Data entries
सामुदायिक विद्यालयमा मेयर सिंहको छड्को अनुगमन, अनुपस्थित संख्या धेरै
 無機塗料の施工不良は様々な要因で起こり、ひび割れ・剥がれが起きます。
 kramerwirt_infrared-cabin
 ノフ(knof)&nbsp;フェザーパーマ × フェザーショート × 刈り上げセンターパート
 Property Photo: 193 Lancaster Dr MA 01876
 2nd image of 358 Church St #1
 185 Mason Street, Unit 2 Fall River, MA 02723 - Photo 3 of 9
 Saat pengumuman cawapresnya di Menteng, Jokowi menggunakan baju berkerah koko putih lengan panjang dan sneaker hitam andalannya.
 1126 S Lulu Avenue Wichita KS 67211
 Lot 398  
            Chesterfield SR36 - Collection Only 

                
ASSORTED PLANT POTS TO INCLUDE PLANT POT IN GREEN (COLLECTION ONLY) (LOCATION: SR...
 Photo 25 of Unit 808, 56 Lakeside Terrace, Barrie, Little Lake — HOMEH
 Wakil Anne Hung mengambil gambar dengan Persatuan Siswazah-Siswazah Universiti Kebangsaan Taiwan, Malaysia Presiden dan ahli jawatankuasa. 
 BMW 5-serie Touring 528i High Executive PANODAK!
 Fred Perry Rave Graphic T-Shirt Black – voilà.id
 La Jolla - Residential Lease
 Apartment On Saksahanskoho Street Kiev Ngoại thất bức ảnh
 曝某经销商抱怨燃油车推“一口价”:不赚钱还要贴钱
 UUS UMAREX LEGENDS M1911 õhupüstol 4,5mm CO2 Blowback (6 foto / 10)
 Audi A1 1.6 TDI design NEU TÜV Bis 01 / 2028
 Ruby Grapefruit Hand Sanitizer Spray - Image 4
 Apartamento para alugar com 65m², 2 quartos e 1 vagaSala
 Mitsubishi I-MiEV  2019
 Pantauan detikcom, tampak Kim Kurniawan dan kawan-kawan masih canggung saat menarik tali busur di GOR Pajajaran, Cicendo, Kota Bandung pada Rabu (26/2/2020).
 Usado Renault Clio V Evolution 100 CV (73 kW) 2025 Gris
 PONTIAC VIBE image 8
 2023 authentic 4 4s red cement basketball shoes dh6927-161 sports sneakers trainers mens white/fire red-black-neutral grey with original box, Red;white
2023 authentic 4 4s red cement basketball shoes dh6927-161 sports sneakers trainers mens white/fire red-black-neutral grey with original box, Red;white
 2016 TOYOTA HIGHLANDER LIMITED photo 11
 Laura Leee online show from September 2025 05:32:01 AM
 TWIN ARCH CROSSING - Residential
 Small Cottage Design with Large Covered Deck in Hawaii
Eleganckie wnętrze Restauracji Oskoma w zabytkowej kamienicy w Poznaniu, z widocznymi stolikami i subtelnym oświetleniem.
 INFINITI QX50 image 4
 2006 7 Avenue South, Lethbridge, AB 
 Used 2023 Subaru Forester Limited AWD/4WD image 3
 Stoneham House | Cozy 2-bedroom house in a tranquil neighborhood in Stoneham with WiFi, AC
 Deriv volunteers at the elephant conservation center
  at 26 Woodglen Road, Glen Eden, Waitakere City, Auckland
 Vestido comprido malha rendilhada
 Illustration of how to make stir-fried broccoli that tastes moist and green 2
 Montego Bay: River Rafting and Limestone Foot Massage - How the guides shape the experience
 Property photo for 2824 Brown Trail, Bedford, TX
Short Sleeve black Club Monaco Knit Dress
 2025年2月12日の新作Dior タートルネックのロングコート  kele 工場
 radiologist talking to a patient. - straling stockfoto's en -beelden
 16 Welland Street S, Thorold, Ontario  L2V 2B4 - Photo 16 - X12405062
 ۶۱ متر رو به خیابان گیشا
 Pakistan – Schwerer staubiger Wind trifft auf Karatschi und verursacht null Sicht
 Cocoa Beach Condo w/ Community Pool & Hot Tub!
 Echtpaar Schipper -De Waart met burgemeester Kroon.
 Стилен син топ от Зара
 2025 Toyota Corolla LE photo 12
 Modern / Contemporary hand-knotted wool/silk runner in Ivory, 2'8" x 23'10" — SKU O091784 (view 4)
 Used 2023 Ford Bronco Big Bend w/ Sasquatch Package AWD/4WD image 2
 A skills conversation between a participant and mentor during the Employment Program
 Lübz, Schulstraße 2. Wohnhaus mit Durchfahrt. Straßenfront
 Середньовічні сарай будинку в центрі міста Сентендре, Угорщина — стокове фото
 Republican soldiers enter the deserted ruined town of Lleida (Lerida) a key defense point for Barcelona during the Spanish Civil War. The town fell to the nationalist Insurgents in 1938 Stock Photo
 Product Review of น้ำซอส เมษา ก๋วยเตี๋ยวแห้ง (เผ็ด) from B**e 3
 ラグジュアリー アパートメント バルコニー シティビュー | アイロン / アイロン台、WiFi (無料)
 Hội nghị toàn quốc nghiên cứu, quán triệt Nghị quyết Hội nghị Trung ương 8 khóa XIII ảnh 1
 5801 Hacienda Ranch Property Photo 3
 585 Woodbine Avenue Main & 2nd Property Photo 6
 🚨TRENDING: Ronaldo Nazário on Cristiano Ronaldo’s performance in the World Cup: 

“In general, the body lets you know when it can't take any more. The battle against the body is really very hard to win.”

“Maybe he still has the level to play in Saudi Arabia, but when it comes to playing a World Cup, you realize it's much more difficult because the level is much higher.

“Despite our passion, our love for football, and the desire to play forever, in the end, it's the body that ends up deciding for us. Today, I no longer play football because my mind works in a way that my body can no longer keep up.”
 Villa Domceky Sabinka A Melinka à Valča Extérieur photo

Exercise:
From the records above, transcribe without alteration every line from the one with "ラグジュアリー アパートメント バルコニー" to the one with "general, the body", inclusive.

Finished exercise:
 ラグジュアリー アパートメント バルコニー シティビュー | アイロン / アイロン台、WiFi (無料)
 Hội nghị toàn quốc nghiên cứu, quán triệt Nghị quyết Hội nghị Trung ương 8 khóa XIII ảnh 1
 5801 Hacienda Ranch Property Photo 3
 585 Woodbine Avenue Main & 2nd Property Photo 6
 🚨TRENDING: Ronaldo Nazário on Cristiano Ronaldo’s performance in the World Cup: 

“In general, the body lets you know when it can't take any more. The battle against the body is really very hard to win.”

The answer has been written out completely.